### WORK REQUEST
Strip out the pictures and output each remaining line of the data word for word.

### DATA EXTRACT

===============

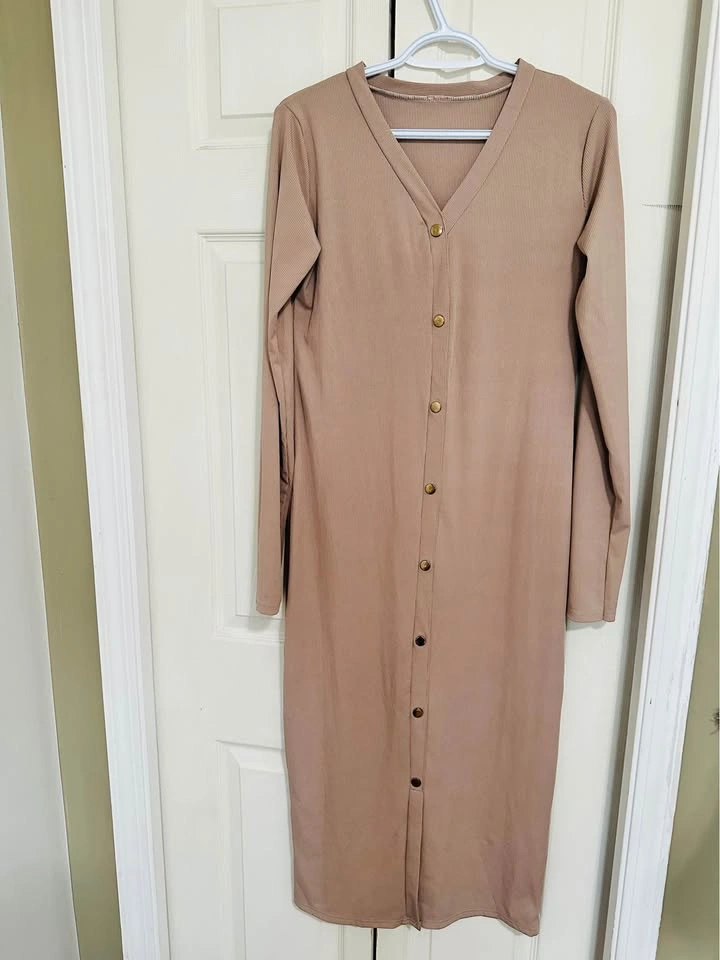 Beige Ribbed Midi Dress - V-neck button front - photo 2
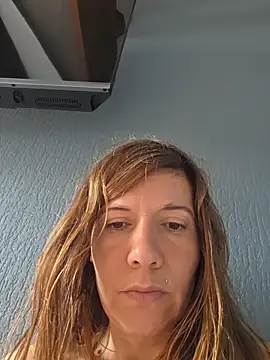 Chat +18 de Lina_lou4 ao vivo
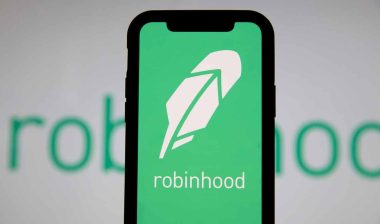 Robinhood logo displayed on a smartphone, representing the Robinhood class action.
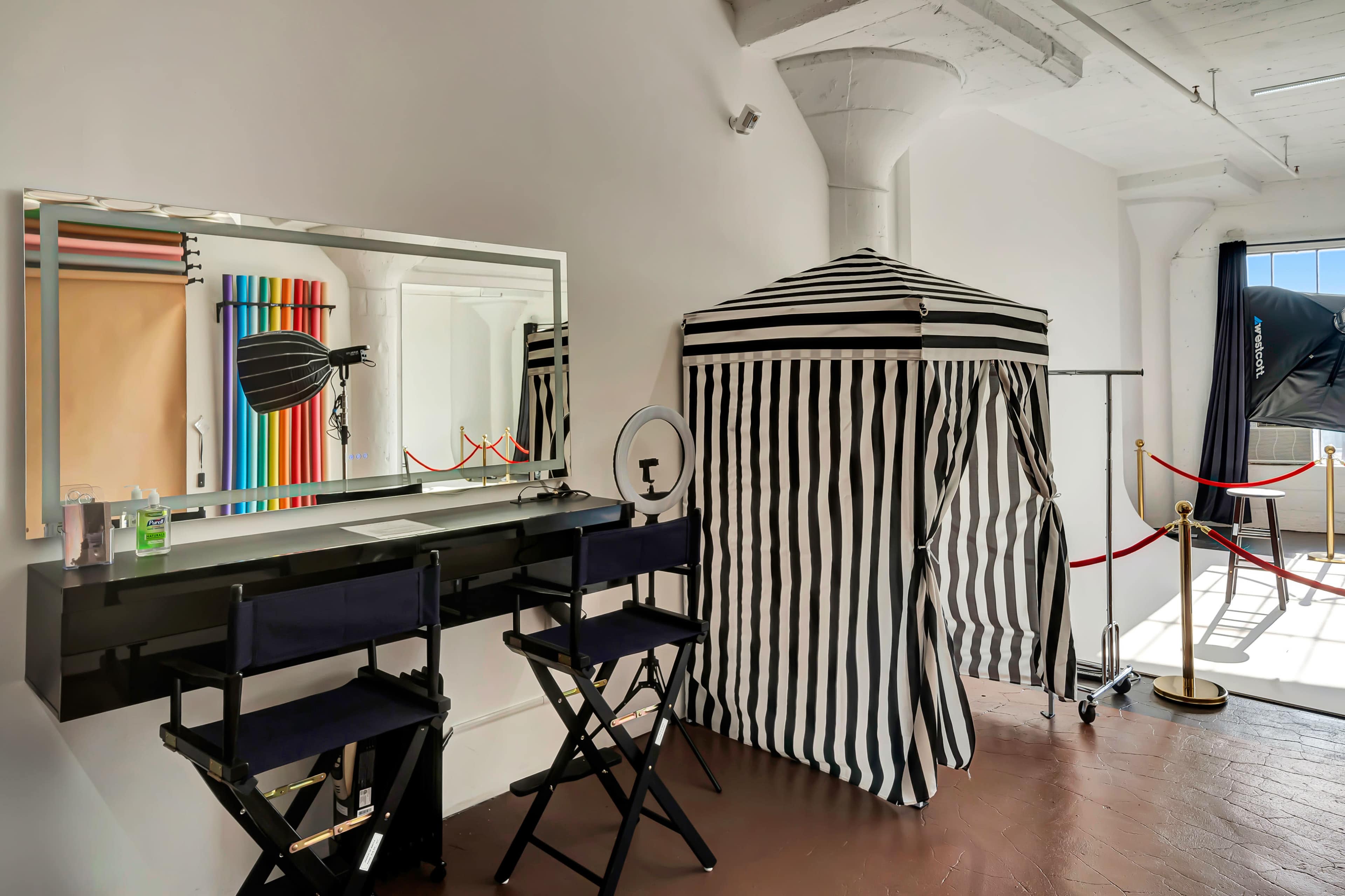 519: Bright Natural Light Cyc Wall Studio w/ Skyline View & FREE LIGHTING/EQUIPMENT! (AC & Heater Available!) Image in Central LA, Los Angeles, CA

===============

### RESPONSE BELOW
 Beige Ribbed Midi Dress - V-neck button front - photo 2
 Chat +18 de Lina_lou4 ao vivo
 Robinhood logo displayed on a smartphone, representing the Robinhood class action.
 519: Bright Natural Light Cyc Wall Studio w/ Skyline View & FREE LIGHTING/EQUIPMENT! (AC & Heater Available!) Image in Central LA, Los Angeles, CA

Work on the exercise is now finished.